## [Task item]
With the images left out, print all of the records below exactly.

━━ Material supplied

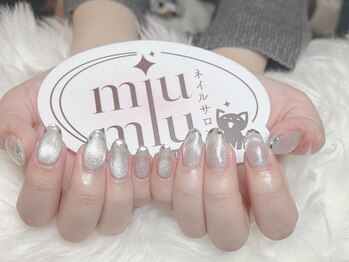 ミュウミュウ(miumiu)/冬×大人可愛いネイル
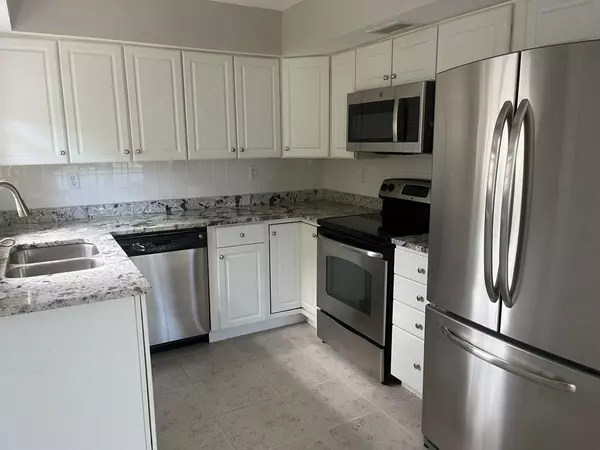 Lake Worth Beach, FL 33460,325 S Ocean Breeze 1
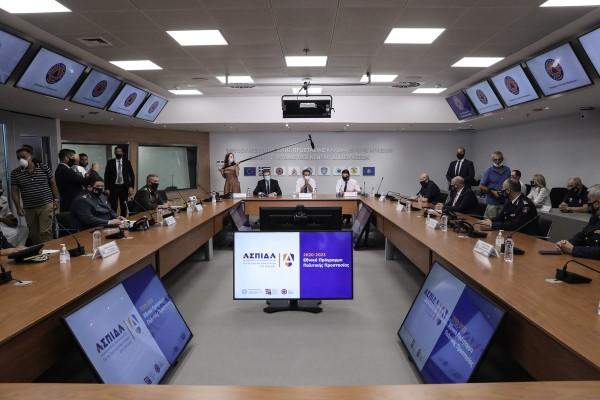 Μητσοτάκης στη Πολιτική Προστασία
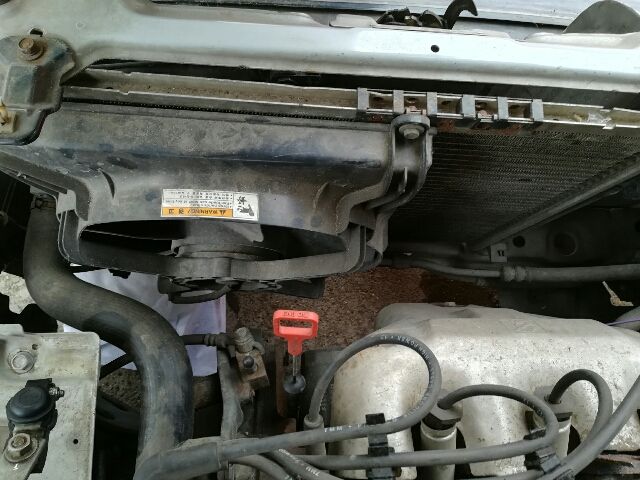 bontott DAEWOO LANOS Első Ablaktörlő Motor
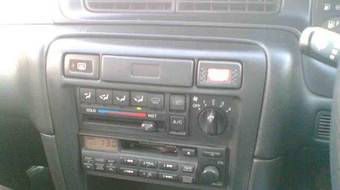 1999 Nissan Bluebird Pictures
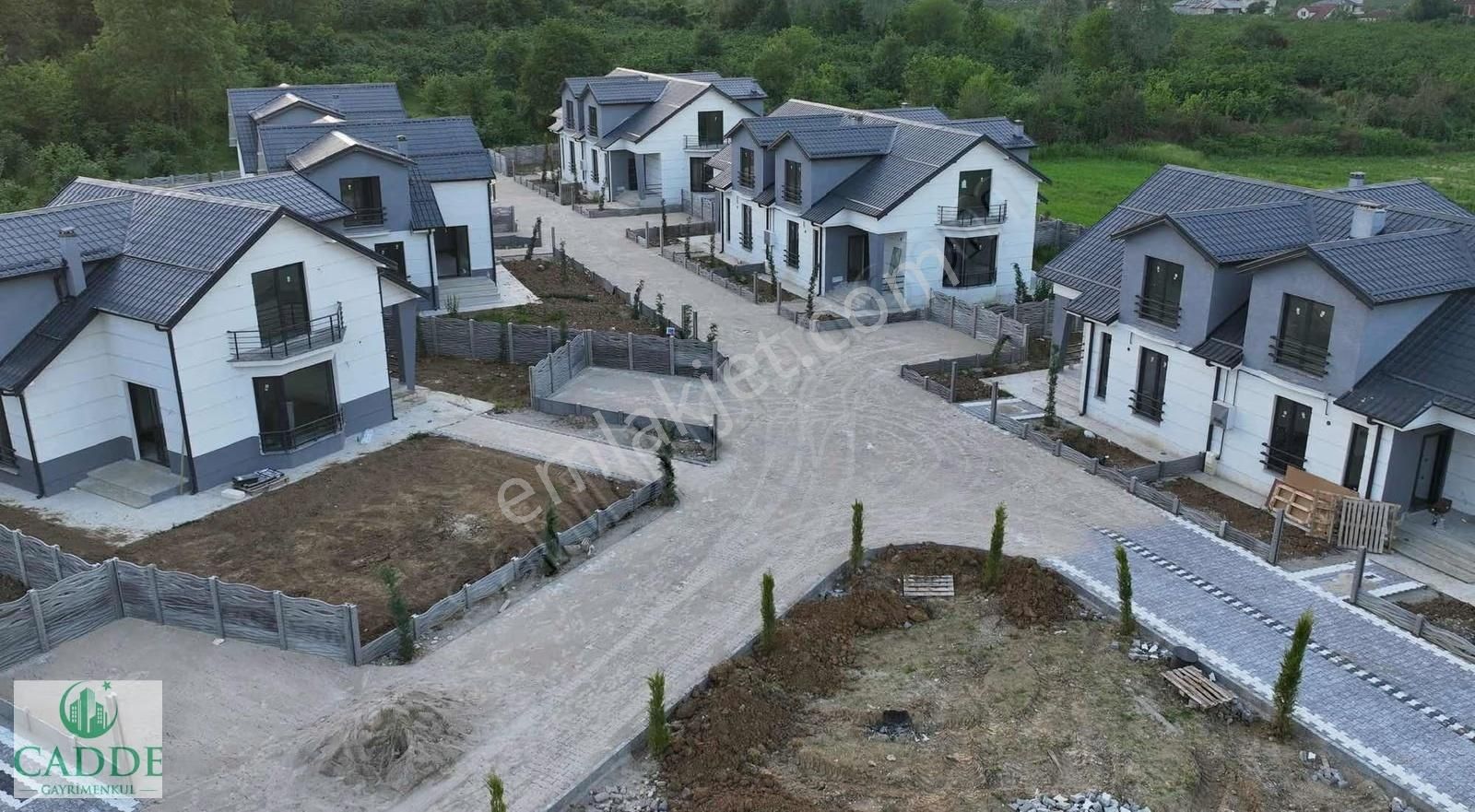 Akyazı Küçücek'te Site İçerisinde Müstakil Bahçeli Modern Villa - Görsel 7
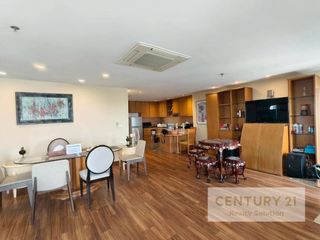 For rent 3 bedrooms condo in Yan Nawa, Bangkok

━━━━

## [Solution]
 ミュウミュウ(miumiu)/冬×大人可愛いネイル
 Lake Worth Beach, FL 33460,325 S Ocean Breeze 1
 Μητσοτάκης στη Πολιτική Προστασία
 bontott DAEWOO LANOS Első Ablaktörlő Motor
 1999 Nissan Bluebird Pictures
 Akyazı Küçücek'te Site İçerisinde Müstakil Bahçeli Modern Villa - Görsel 7
 For rent 3 bedrooms condo in Yan Nawa, Bangkok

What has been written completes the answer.